In it’s original form, this is a 4GB photoshop image, which takes my dual 2.0Ghz G5 30 minutes to save to disk. It is 1.5 feet by 9 feet at 240 dpi. It is stitched from 17 Canon 5D images.
For this print, I decided on 12″ by 90″ to fit within the confines of my humble Epson 2200. The Epson driver cannot accept single images over 44″ wide. So I had to dump out a flattened file, open it with Illustrator and tile the image onto essentially 5 13×19 pages which the epson driver prints without seams onto the roll paper. Lame, but better than spending $1k on a RIP that could do it natively.
Autopano Pro was used for the stitching. It can do some amazing things. No joke. You can literally hand hold shots in a circle and the SIFT algorithm will figure it out. Impressive technology.

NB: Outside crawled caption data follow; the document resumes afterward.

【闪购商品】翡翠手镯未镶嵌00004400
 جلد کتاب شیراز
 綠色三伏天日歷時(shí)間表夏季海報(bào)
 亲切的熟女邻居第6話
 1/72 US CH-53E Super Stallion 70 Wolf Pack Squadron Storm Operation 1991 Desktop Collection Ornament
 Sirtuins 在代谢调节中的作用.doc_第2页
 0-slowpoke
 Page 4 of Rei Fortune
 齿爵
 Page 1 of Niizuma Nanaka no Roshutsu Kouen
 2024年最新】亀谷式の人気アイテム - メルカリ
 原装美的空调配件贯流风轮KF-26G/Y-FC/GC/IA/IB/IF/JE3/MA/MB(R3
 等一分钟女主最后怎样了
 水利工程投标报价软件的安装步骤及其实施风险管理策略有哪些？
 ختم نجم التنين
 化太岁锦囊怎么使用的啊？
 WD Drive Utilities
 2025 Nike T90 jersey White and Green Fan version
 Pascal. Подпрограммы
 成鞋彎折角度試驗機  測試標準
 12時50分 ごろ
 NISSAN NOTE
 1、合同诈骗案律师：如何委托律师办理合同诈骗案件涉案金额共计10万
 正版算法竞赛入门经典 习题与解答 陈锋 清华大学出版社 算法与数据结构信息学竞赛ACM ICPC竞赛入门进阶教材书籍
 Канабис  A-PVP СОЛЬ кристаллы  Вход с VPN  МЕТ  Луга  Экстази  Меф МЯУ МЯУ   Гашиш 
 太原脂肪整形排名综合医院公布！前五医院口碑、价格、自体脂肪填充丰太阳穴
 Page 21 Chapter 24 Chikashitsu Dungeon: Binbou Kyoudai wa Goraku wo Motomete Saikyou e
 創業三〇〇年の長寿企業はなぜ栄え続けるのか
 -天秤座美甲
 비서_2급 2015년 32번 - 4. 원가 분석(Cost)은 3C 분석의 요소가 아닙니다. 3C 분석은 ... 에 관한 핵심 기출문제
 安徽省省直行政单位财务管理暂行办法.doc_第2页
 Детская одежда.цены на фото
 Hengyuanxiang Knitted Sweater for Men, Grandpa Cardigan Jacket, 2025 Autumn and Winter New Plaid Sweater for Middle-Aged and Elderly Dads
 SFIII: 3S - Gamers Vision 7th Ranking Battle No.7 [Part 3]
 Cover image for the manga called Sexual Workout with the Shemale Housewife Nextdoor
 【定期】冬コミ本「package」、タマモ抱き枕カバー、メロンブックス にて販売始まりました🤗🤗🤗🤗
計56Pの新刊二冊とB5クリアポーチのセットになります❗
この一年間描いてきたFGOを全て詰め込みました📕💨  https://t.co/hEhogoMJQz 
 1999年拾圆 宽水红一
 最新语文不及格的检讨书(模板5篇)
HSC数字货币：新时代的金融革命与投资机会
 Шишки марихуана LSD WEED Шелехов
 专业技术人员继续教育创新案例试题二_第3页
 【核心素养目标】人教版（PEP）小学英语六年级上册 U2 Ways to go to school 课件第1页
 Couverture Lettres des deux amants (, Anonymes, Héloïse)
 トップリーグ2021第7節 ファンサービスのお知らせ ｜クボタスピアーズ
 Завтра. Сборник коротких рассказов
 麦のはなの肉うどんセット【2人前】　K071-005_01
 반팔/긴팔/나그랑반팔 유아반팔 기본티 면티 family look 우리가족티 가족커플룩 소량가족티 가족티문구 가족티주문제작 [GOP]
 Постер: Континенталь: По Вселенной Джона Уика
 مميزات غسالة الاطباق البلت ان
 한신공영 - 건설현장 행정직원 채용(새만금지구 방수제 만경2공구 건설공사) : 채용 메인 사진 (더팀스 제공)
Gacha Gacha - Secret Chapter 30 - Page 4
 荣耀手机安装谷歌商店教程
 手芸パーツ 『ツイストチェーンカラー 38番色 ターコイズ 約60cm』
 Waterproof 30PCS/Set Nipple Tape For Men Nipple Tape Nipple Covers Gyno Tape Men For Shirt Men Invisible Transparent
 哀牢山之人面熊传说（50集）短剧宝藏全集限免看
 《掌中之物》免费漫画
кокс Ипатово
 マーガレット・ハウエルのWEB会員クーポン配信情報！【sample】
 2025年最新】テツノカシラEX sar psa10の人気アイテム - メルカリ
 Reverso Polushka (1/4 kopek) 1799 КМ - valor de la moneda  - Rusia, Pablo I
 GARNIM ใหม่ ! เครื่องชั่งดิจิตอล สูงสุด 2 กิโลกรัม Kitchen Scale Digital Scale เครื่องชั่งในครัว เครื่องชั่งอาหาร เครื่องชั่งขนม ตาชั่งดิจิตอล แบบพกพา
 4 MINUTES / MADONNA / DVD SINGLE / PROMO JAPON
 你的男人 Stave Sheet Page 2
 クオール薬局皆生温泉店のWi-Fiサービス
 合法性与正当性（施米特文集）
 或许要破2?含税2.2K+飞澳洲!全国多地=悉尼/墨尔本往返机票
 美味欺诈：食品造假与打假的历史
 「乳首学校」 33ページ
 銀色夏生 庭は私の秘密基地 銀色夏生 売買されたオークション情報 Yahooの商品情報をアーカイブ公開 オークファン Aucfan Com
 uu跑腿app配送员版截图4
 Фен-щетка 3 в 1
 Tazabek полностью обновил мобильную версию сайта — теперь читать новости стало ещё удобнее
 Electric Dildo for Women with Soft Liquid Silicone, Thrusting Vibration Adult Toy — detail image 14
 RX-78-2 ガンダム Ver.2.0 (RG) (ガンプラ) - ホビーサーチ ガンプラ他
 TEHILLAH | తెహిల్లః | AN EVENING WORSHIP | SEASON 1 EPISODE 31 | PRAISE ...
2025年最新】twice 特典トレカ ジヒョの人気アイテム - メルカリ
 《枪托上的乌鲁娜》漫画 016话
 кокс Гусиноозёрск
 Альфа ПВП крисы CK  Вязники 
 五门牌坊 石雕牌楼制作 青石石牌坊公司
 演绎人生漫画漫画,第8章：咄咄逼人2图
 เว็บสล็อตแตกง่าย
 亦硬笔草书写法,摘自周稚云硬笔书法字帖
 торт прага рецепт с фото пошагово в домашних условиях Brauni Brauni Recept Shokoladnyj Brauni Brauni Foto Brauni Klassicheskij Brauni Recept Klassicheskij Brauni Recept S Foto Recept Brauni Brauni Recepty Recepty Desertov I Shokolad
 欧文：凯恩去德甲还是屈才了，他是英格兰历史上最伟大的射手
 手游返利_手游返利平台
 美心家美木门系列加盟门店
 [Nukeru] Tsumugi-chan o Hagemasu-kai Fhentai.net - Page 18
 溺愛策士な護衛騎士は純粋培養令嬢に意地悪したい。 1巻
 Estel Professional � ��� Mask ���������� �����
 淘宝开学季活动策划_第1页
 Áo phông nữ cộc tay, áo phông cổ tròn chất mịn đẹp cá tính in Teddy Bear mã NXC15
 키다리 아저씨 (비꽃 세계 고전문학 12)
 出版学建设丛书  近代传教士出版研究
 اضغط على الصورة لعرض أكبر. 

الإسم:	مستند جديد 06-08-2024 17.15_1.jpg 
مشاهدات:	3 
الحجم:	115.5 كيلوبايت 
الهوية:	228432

It probably took close to an hour to print this bad boy out, but man is it impressive. I’ve got a couple more to work on, but this might be it for today. In all reality, this is just too large a pano to hang in anyone’s home. It would have to go to a business with a big hallway, but I might be able to find some customers like that….
What kind of price range are you looking at for something like that?
And how do you frame such a big bastard?
Looks good!
I’m not sure on pricing structure yet for a print this large, but matting and framing for it would be in the hundreds by itself. My friend Alain sells his matted 15×60 for $1900. Matting on this print would be something like 20×100.
I would guess that I would be in the $800 range for a matted version of this print. Framing would probably add $300. Framing would be a completely custom job. I actually don’t know if you can find single sheets of mat board over 60″ long, which is probably why Alain sells his at that length. It’s possible that I wouldn’t be able to mat it at all, might just have to dry mount it and frame from there.
Reasonably speaking, I should probably back this down to the 15×60 range just so people can actually hang it. In which case I would probably sell it for around $500 matted. It might be more or less, but those are ball-park numbers.
It should be noted here that it took a whole day to prepare this file for printing with only minor adjustments for tonality and sharpening. A “final” version of the file for sales would probably take me a few weeks of work to get ready. So there’s a good bit of work that goes into making a print this large.
When Adobe finally releases a universal version of Photoshop, and I sell a few of these prints to buy a Mac Pro, the process should be a lot faster.
That print looks amazing Joe. Justin and I both went “wow” and Justin almost never says wow, so that is saying a lot.